◆ Work required
From the line containing "this 750×500 image." down to the last line of the records below, restate each line word for word and leave out the rest.

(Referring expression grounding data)
_ _ _ _ _ _ _

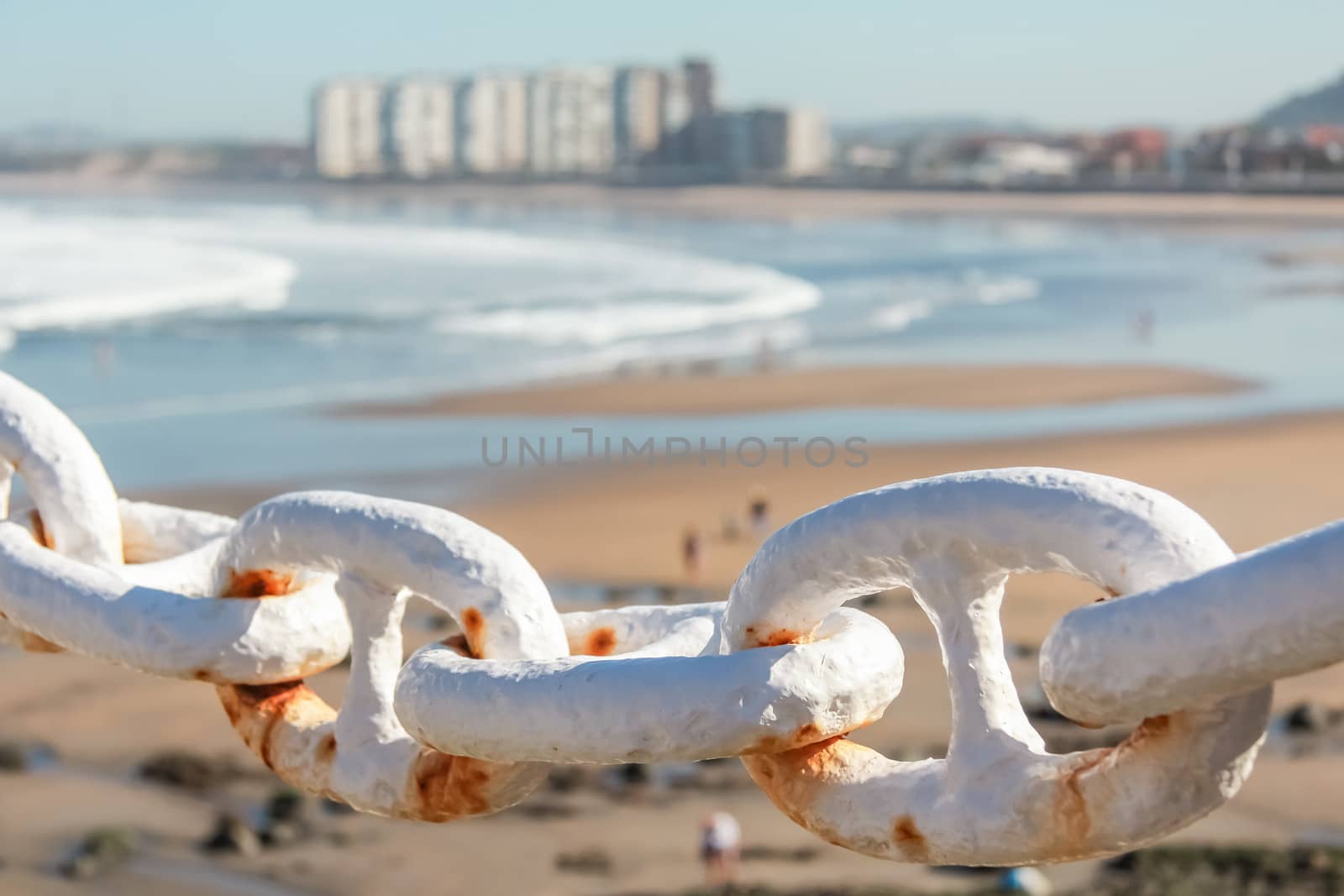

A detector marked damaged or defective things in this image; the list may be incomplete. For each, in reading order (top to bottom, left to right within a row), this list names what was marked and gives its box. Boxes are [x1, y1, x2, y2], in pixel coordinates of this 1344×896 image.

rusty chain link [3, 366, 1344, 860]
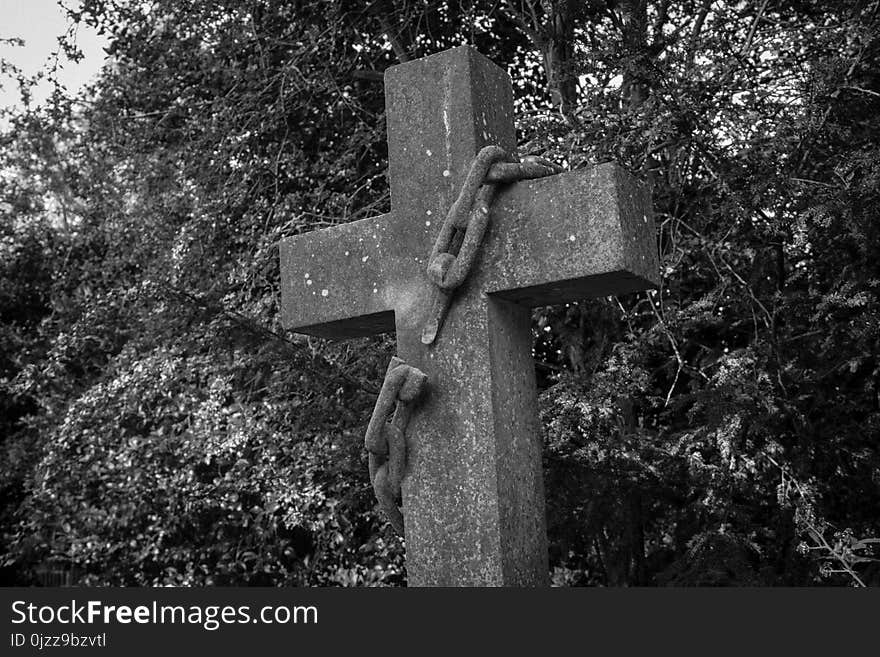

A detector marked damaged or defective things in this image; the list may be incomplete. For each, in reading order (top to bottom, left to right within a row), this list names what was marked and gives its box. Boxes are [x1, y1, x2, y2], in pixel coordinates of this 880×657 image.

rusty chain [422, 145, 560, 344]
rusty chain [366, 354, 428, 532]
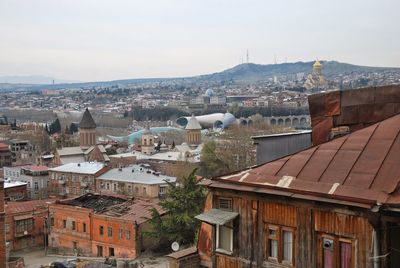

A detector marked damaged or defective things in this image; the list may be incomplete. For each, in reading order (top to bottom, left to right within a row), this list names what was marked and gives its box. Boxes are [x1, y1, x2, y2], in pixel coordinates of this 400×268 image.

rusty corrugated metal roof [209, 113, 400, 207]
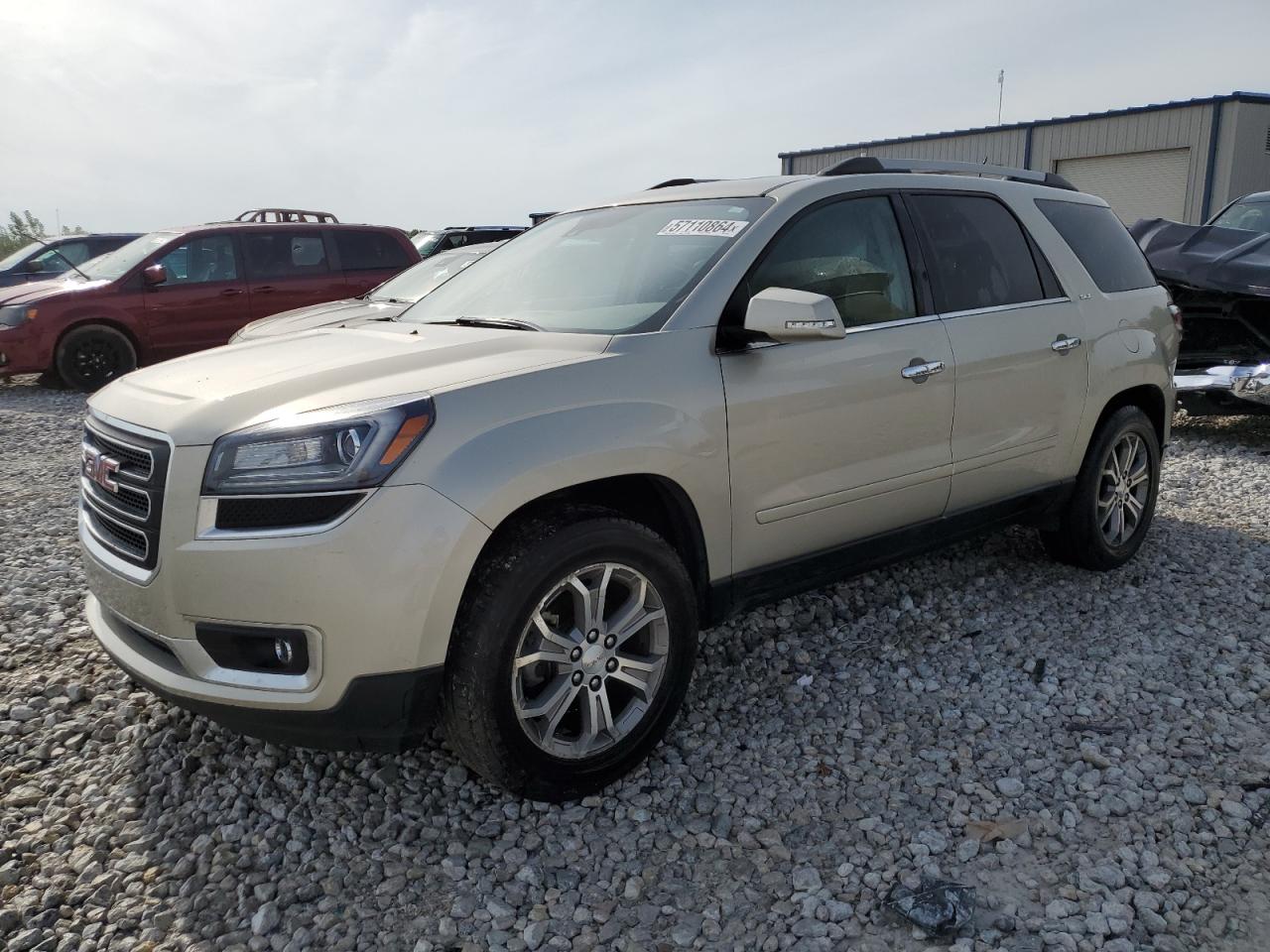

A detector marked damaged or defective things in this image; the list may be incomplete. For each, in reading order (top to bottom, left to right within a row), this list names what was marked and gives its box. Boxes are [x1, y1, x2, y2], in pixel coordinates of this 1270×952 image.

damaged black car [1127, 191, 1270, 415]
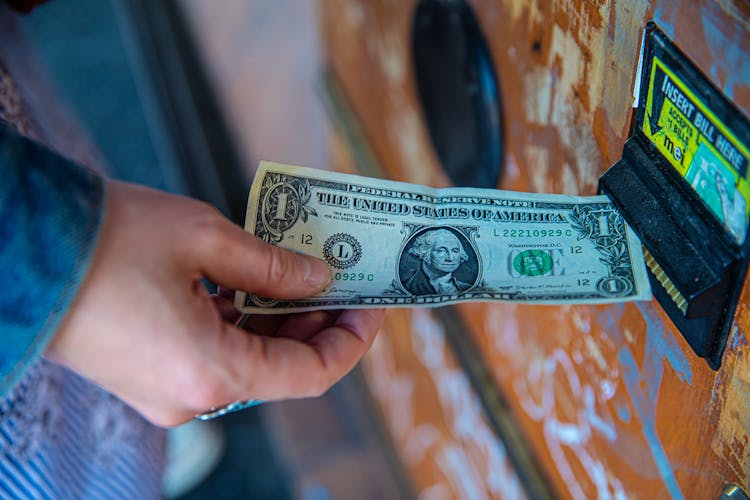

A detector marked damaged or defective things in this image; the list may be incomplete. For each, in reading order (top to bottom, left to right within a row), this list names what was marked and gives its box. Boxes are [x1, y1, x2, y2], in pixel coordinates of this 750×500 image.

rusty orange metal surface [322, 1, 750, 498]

_ _ _ _ _ _ _

◆ Solution
A detector marked damaged or defective things in this image; the list may be incomplete. For each, in reading order (top to bottom, left to right within a row), this list names what was marked and gives its box. Boxes are [x1, y1, x2, y2], in pixel coordinates of this 750×500 image.

rusty orange metal surface [322, 1, 750, 498]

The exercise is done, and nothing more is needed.